Aim of the task |
Set down every record below exactly as written.

── Data listing ──

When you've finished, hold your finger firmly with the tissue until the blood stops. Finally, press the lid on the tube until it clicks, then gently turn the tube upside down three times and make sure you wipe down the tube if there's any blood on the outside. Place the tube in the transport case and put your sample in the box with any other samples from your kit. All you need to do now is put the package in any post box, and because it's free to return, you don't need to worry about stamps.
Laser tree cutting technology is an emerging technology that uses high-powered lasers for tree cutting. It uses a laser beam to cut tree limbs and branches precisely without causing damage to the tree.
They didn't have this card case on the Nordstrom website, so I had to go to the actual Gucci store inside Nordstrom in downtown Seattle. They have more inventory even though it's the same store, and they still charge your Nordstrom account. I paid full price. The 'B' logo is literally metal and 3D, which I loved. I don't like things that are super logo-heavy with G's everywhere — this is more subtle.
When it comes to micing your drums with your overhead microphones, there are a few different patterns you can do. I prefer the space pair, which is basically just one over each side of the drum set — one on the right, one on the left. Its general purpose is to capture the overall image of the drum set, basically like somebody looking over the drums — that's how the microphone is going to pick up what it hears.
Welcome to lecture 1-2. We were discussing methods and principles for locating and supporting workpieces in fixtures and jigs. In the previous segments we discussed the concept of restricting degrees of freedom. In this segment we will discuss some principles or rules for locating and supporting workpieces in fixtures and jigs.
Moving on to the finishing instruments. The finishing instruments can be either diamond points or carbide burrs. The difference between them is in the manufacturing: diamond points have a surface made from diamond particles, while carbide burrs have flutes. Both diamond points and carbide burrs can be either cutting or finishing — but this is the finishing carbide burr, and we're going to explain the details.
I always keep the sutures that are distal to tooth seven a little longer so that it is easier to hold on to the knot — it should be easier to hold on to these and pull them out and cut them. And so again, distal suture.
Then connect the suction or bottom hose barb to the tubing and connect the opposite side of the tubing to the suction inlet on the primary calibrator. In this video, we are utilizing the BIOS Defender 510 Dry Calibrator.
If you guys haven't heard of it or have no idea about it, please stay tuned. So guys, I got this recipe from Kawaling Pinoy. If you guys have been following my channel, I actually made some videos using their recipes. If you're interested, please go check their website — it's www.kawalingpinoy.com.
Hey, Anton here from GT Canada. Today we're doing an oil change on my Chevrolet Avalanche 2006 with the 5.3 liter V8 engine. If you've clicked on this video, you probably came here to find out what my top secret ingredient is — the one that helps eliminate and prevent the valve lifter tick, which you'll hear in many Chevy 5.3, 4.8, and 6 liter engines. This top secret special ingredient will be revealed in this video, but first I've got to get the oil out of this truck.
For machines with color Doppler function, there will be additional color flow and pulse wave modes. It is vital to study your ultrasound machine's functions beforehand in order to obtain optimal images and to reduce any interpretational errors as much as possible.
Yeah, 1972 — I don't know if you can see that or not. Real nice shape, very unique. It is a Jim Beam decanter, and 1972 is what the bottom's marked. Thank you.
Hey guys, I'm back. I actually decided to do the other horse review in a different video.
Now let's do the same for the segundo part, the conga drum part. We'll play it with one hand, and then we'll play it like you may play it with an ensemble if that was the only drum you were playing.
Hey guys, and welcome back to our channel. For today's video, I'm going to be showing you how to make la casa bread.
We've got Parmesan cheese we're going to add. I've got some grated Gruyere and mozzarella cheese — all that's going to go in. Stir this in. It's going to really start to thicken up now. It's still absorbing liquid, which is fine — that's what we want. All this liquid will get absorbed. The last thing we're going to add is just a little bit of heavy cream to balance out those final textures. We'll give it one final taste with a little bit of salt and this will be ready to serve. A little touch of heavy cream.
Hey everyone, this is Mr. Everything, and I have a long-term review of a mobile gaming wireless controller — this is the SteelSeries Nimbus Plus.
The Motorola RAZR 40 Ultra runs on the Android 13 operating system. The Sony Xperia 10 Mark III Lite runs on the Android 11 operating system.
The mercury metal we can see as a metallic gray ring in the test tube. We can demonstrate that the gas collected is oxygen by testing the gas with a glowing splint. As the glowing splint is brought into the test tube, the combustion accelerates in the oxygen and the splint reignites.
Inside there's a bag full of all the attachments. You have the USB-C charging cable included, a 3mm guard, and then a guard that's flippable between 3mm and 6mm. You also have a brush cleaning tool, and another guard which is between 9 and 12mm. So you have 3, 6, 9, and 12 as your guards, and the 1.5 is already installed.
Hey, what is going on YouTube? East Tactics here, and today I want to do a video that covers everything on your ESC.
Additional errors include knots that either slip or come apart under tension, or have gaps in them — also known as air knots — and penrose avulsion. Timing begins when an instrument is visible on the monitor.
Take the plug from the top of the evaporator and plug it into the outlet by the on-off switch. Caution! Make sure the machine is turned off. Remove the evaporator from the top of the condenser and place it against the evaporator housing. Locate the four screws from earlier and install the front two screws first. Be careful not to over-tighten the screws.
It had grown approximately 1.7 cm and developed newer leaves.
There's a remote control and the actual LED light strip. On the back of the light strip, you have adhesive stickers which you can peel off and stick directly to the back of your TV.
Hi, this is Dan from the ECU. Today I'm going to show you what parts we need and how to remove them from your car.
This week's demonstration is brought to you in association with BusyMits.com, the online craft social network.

───

Solved problem |
When you've finished, hold your finger firmly with the tissue until the blood stops. Finally, press the lid on the tube until it clicks, then gently turn the tube upside down three times and make sure you wipe down the tube if there's any blood on the outside. Place the tube in the transport case and put your sample in the box with any other samples from your kit. All you need to do now is put the package in any post box, and because it's free to return, you don't need to worry about stamps.
Laser tree cutting technology is an emerging technology that uses high-powered lasers for tree cutting. It uses a laser beam to cut tree limbs and branches precisely without causing damage to the tree.
They didn't have this card case on the Nordstrom website, so I had to go to the actual Gucci store inside Nordstrom in downtown Seattle. They have more inventory even though it's the same store, and they still charge your Nordstrom account. I paid full price. The 'B' logo is literally metal and 3D, which I loved. I don't like things that are super logo-heavy with G's everywhere — this is more subtle.
When it comes to micing your drums with your overhead microphones, there are a few different patterns you can do. I prefer the space pair, which is basically just one over each side of the drum set — one on the right, one on the left. Its general purpose is to capture the overall image of the drum set, basically like somebody looking over the drums — that's how the microphone is going to pick up what it hears.
Welcome to lecture 1-2. We were discussing methods and principles for locating and supporting workpieces in fixtures and jigs. In the previous segments we discussed the concept of restricting degrees of freedom. In this segment we will discuss some principles or rules for locating and supporting workpieces in fixtures and jigs.
Moving on to the finishing instruments. The finishing instruments can be either diamond points or carbide burrs. The difference between them is in the manufacturing: diamond points have a surface made from diamond particles, while carbide burrs have flutes. Both diamond points and carbide burrs can be either cutting or finishing — but this is the finishing carbide burr, and we're going to explain the details.
I always keep the sutures that are distal to tooth seven a little longer so that it is easier to hold on to the knot — it should be easier to hold on to these and pull them out and cut them. And so again, distal suture.
Then connect the suction or bottom hose barb to the tubing and connect the opposite side of the tubing to the suction inlet on the primary calibrator. In this video, we are utilizing the BIOS Defender 510 Dry Calibrator.
If you guys haven't heard of it or have no idea about it, please stay tuned. So guys, I got this recipe from Kawaling Pinoy. If you guys have been following my channel, I actually made some videos using their recipes. If you're interested, please go check their website — it's www.kawalingpinoy.com.
Hey, Anton here from GT Canada. Today we're doing an oil change on my Chevrolet Avalanche 2006 with the 5.3 liter V8 engine. If you've clicked on this video, you probably came here to find out what my top secret ingredient is — the one that helps eliminate and prevent the valve lifter tick, which you'll hear in many Chevy 5.3, 4.8, and 6 liter engines. This top secret special ingredient will be revealed in this video, but first I've got to get the oil out of this truck.
For machines with color Doppler function, there will be additional color flow and pulse wave modes. It is vital to study your ultrasound machine's functions beforehand in order to obtain optimal images and to reduce any interpretational errors as much as possible.
Yeah, 1972 — I don't know if you can see that or not. Real nice shape, very unique. It is a Jim Beam decanter, and 1972 is what the bottom's marked. Thank you.
Hey guys, I'm back. I actually decided to do the other horse review in a different video.
Now let's do the same for the segundo part, the conga drum part. We'll play it with one hand, and then we'll play it like you may play it with an ensemble if that was the only drum you were playing.
Hey guys, and welcome back to our channel. For today's video, I'm going to be showing you how to make la casa bread.
We've got Parmesan cheese we're going to add. I've got some grated Gruyere and mozzarella cheese — all that's going to go in. Stir this in. It's going to really start to thicken up now. It's still absorbing liquid, which is fine — that's what we want. All this liquid will get absorbed. The last thing we're going to add is just a little bit of heavy cream to balance out those final textures. We'll give it one final taste with a little bit of salt and this will be ready to serve. A little touch of heavy cream.
Hey everyone, this is Mr. Everything, and I have a long-term review of a mobile gaming wireless controller — this is the SteelSeries Nimbus Plus.
The Motorola RAZR 40 Ultra runs on the Android 13 operating system. The Sony Xperia 10 Mark III Lite runs on the Android 11 operating system.
The mercury metal we can see as a metallic gray ring in the test tube. We can demonstrate that the gas collected is oxygen by testing the gas with a glowing splint. As the glowing splint is brought into the test tube, the combustion accelerates in the oxygen and the splint reignites.
Inside there's a bag full of all the attachments. You have the USB-C charging cable included, a 3mm guard, and then a guard that's flippable between 3mm and 6mm. You also have a brush cleaning tool, and another guard which is between 9 and 12mm. So you have 3, 6, 9, and 12 as your guards, and the 1.5 is already installed.
Hey, what is going on YouTube? East Tactics here, and today I want to do a video that covers everything on your ESC.
Additional errors include knots that either slip or come apart under tension, or have gaps in them — also known as air knots — and penrose avulsion. Timing begins when an instrument is visible on the monitor.
Take the plug from the top of the evaporator and plug it into the outlet by the on-off switch. Caution! Make sure the machine is turned off. Remove the evaporator from the top of the condenser and place it against the evaporator housing. Locate the four screws from earlier and install the front two screws first. Be careful not to over-tighten the screws.
It had grown approximately 1.7 cm and developed newer leaves.
There's a remote control and the actual LED light strip. On the back of the light strip, you have adhesive stickers which you can peel off and stick directly to the back of your TV.
Hi, this is Dan from the ECU. Today I'm going to show you what parts we need and how to remove them from your car.
This week's demonstration is brought to you in association with BusyMits.com, the online craft social network.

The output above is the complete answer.